Deferring payment for direct and indirect tax
For disputes concerning direct tax e.g. income tax, it is possible to agree to defer payment of the tax until the dispute is resolved, whether that is via the internal HMRC review or an appeal in the Tax Tribunal. In cases concerning indirect tax e.g. a VAT assessment dispute, the taxpayer is required to pay the assessment before the appeal can proceed to be heard in the Tax Tribunal.
Construction company’s hardship application
A taxpayer can apply under section 84 VAT Act 1994 to defer payment of any assessment in dispute, if payment of the same would “cause the appellant to suffer hardship“.
This was considered in the case of a construction company, Rok Construction and Hire Ltd (TC07638).

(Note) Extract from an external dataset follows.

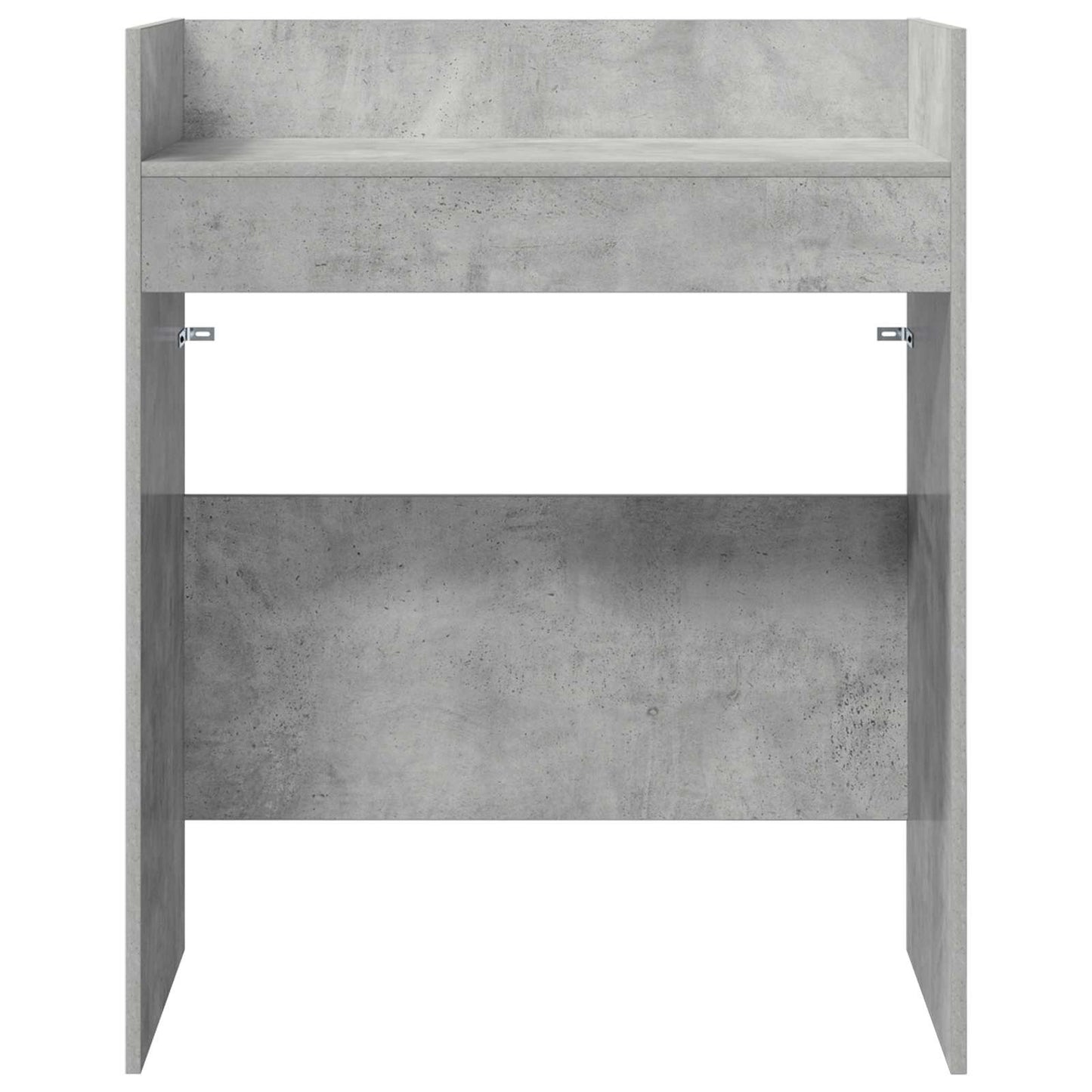 DJ Tafel Betongrijs 102 x 45 x 102 cm Bewerkt hout
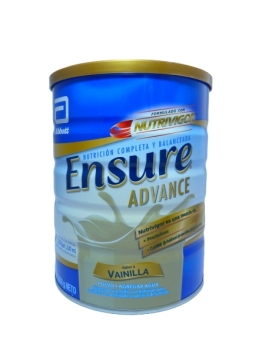 Ensure Adv Vainilla Polvo X 850G | ensure vainilla 850g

The Company submitted an appeal to the First Tier Tax Tribunal against a VAT assessment for the sum of £6,189 issued in October 2018. The Company claimed that the assessment was based on errors made on the Company’s VAT returns for the periods December 2015 and March 2016.
The Company also made a hardship application and requested that the collection of payment under the assessment be deferred until the outcome of the appeal. The Company argued that HMRC should not collect payment of £6,189 demanded in the assessment because the company was owed a refund of £34,958 relating to the Construction Industry Scheme. In addition, the company informed HMRC it owed £13,000 for another VAT period.

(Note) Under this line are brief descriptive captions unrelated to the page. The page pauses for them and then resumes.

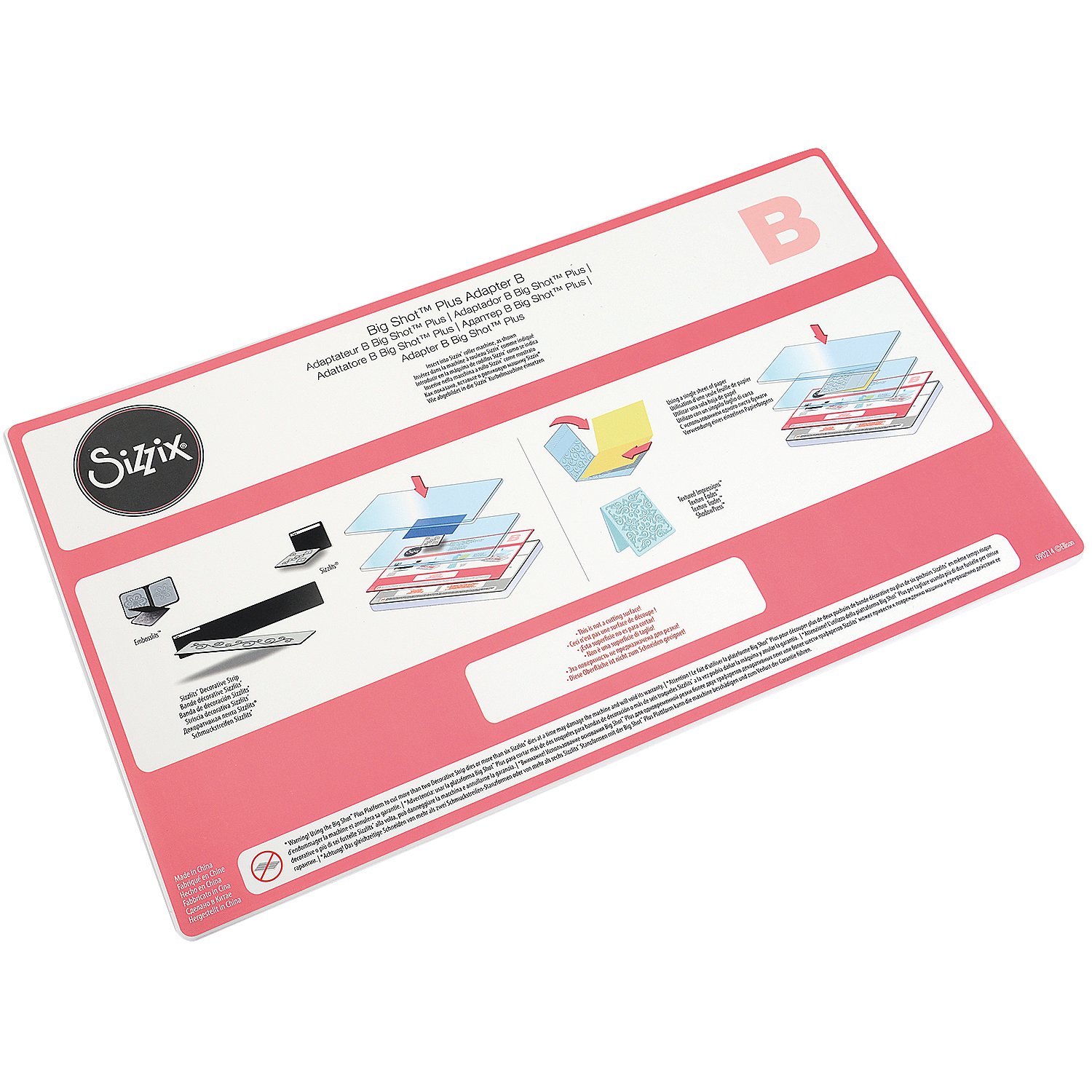Sizzix Big Shot Plus Maschine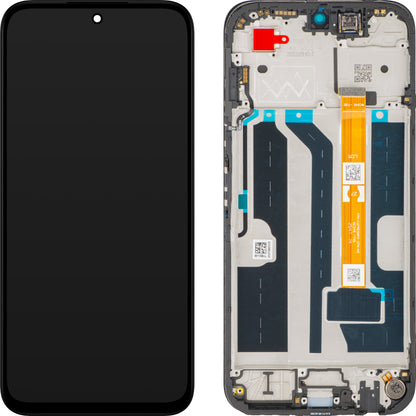 Display sa Touchscreenom Oppo A6k, sa Ramom, Crni, Service Pack 621029000842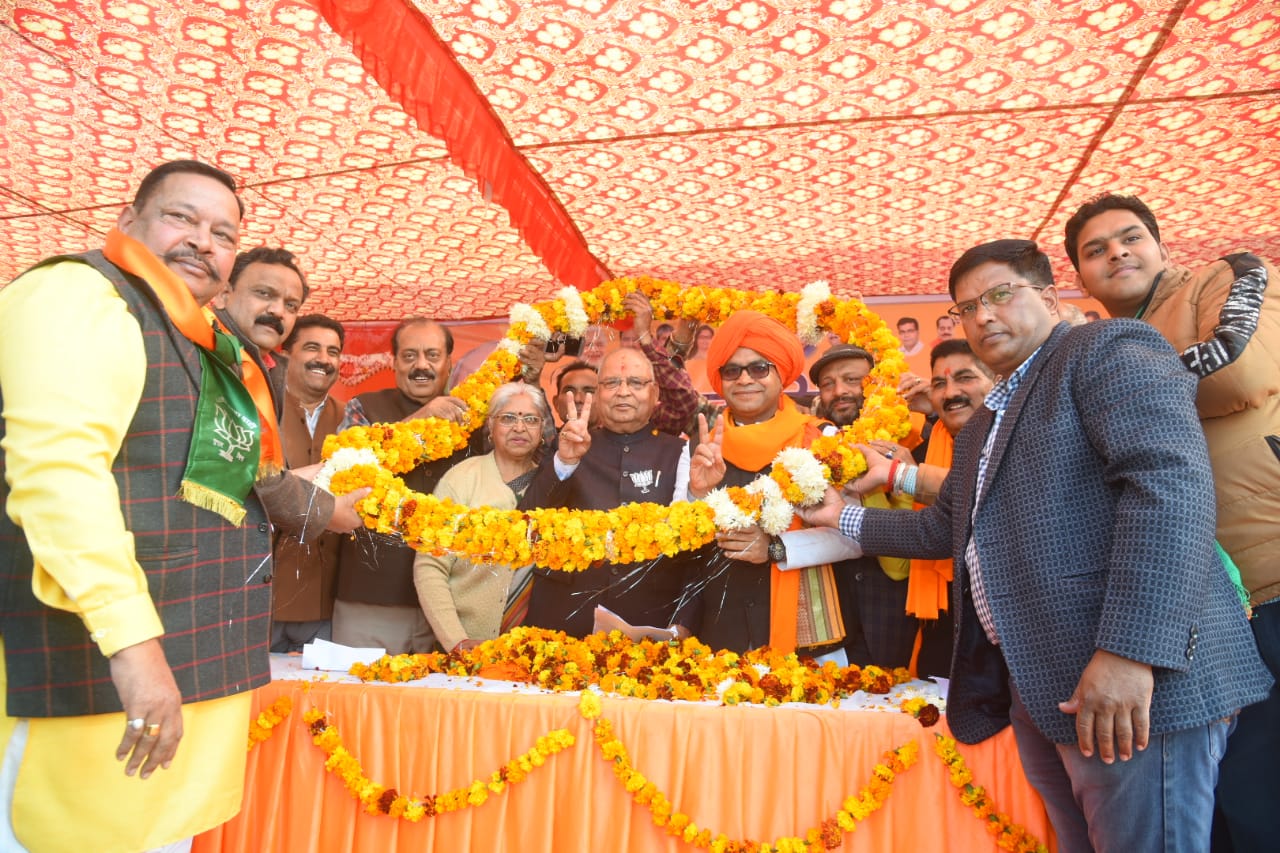 मोदी के नेतृत्व में देश औऱ त्रिवेंद्र के नेतृत्व में उत्तराखंड को मिली अलग पहचान -भगत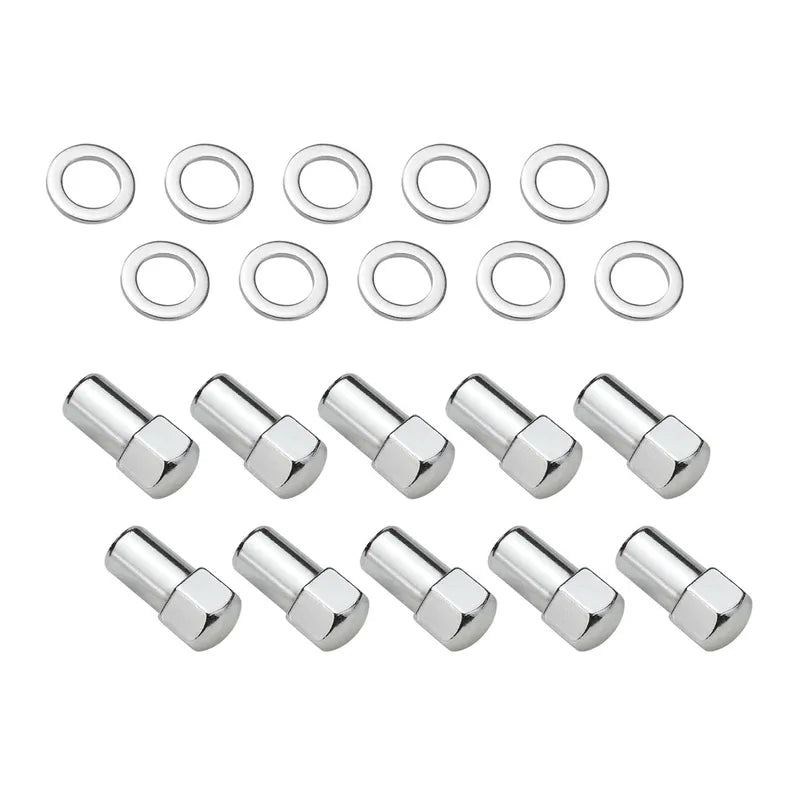 Street Pro Wheels STP-WN5110K10-CHM Wheel Lug Nut Kit
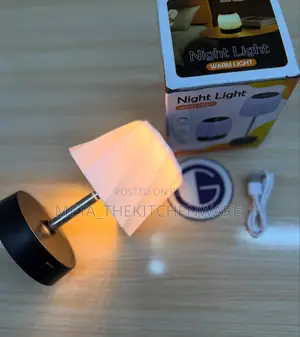 Rechargeable Bedside Night Light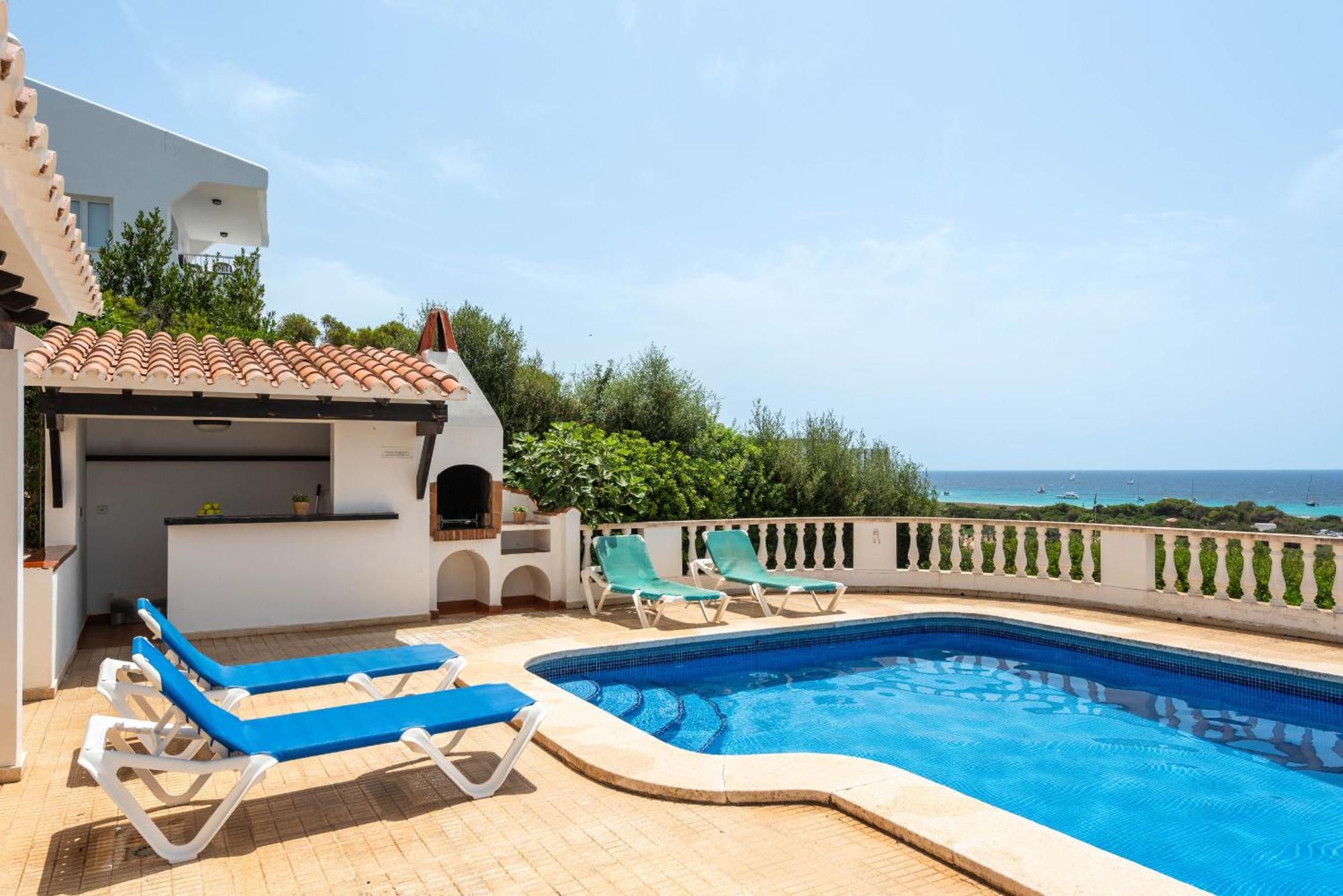 Villa Esplendor Son Bou Exteriör bild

Information requested by HMRC when considering hardship applications
In giving serious consideration to hardship applications and exercising their discretion, HMRC has previously issued guidance on the information they require about a company’s financial affairs.
- An explanation as to why the company would suffer financial hardship if it required to pay the disputed amount before a Tribunal Hearing
- Copy of the most recent annual accounts and management accounts
- Bank account statements for a requested period
- Any loan or overdraft facilities the company has with any bank or financial institution
- Assets and liabilities of the Company
- Budget and cash flow forecast (at least the next six months) to include all income streams, revenue costs and capital expenditure. It should identify the expected funding requirements throughout the year and also the maximum funding available.

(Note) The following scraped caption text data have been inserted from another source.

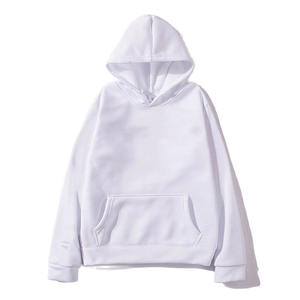 Streetwear d'hiver décontracté surdimensionné en Hoodie-100 coton respirant pour hommes avec poche - Product Image 1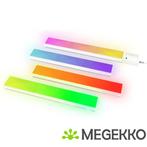 Trust GXT 905 VYBZ RGB Lichtbalken 9-Pack, Computers en Software, Computerbehuizingen, Verzenden, Nieuw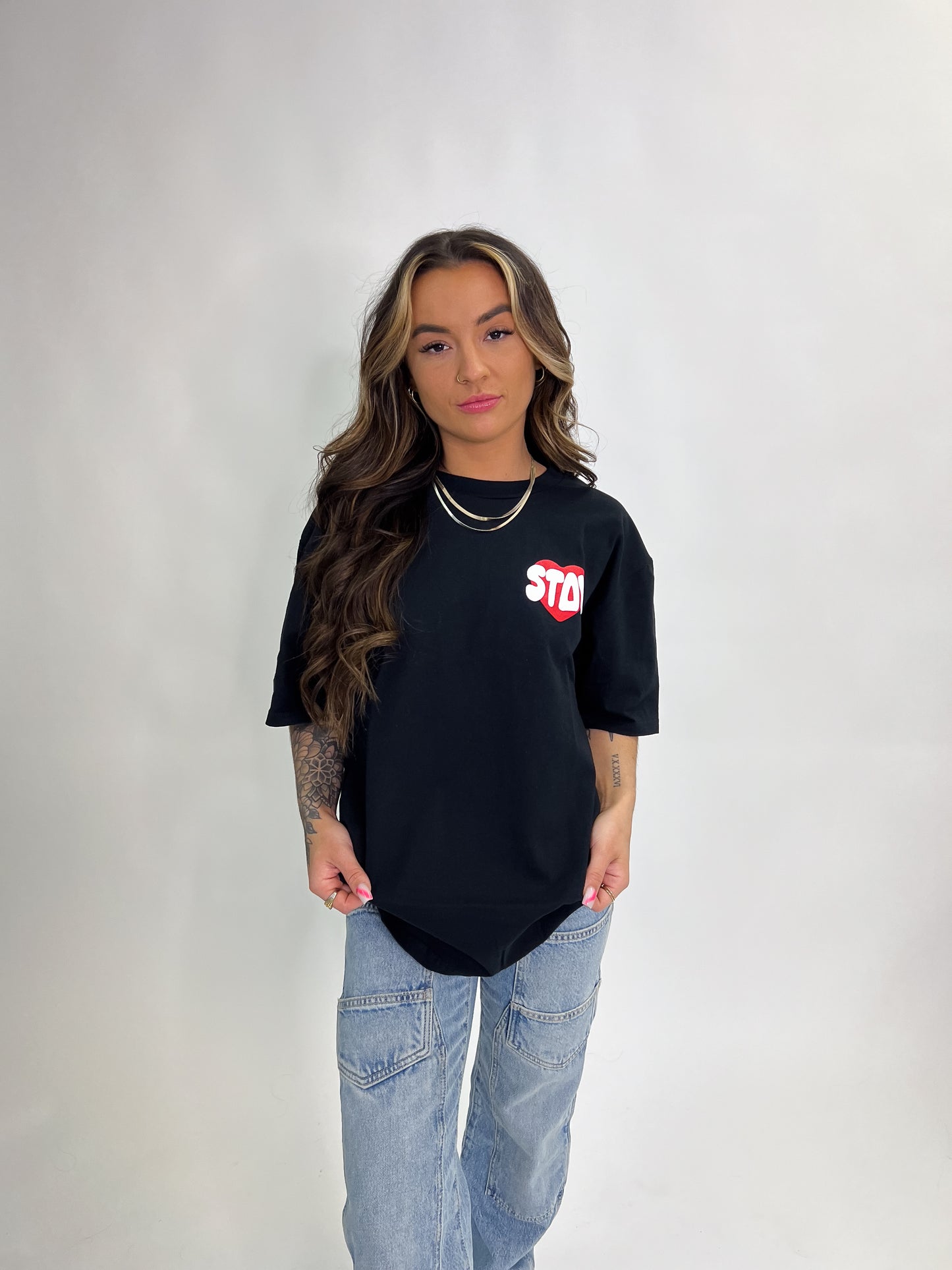 Self Love Tee - Black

- Business premises’ owned or leased by the business
- Investments that are held by the company. This should include stocks, shares and investments in other businesses
- Steps taken by the company to raise funds to pay the assessments
- Any assets subject to a charge by a bank or other financial institution as security against existing borrowings
In this case, the Company did not provide all of the requested information to HMRC and on this basis, HMRC rejected the hardship application and the Tax Tribunal dismissed the appeal.
This case highlights HMRC’s discretion when considering hardship application and the importance of information to be provided in proving hardship to obtain a successful outcome.
What is the Appeal to the Tax Tribunal Process?
The Tax Tribunals can be used by a taxpayer when appealing a HMRC decision. If the appeal to HMRC after the penalty notice is issued is unsuccessful and the HMRC internal review procedure has not yielded a satisfactory conclusions then recourse is available by appealing to the First Tier Tax Tribunal (section 49D, TMA 1970). It is not permissible to appeal to the Tax Tribunal during the course of the internal review.
The procedural rules governing the First Tier Tribunal are found in the Tribunal Procedure (First-tier Tribunal) (Tax Chamber) Rules 2009 (SI 2009/273). The Tax Tribunal is completely independent of HMRC and is governed by an overriding objective to deal with cases fairly and justly (rule 2, First Tier Tribunal Rules (FTR 2009)). The Tribunal will consider the evidence of both parties, equally whilst the judge heavily relies on previous case law.
Commencing proceedings at the First Tier Tax Tribunal is subject to statutory time limits. It is recommended that legal advice is sought as soon as you become involved in a HMRC dispute to prevent a situation where a potential claim becomes time-barred.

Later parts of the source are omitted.